WHAT NEEDS TO BE DONE >> Repeat exactly the lines from the line containing "this 640×427 image." through the last line of the records below, inclusive, and nothing else.

Stored records:
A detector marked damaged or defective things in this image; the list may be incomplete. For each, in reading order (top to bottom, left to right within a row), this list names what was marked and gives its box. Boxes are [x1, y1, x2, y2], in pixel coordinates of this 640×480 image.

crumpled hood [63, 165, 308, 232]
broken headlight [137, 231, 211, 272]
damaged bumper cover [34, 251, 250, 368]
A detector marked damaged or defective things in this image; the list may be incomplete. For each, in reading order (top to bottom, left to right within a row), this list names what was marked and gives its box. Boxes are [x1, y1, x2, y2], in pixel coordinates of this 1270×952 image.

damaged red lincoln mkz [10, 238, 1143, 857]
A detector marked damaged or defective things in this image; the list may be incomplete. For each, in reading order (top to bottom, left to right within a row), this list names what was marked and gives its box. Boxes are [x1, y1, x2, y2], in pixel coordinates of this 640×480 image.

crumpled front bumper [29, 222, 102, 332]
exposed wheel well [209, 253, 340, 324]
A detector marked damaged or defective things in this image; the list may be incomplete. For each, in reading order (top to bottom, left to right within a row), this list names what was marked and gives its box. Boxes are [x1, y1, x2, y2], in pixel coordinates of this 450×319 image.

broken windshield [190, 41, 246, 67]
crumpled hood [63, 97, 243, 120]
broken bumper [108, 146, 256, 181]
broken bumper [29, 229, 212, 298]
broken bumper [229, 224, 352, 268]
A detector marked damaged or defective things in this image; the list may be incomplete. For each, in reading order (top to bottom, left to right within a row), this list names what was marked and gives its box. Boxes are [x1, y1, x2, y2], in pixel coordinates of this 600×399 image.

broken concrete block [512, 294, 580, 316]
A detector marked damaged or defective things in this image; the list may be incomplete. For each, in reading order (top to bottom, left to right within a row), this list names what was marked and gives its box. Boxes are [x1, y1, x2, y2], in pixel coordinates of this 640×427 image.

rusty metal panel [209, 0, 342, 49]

SOLUTION TO THE EXERCISE >>
A detector marked damaged or defective things in this image; the list may be incomplete. For each, in reading order (top to bottom, left to right within a row), this list names what was marked and gives its box. Boxes are [x1, y1, x2, y2], in pixel coordinates of this 640×427 image.

rusty metal panel [209, 0, 342, 49]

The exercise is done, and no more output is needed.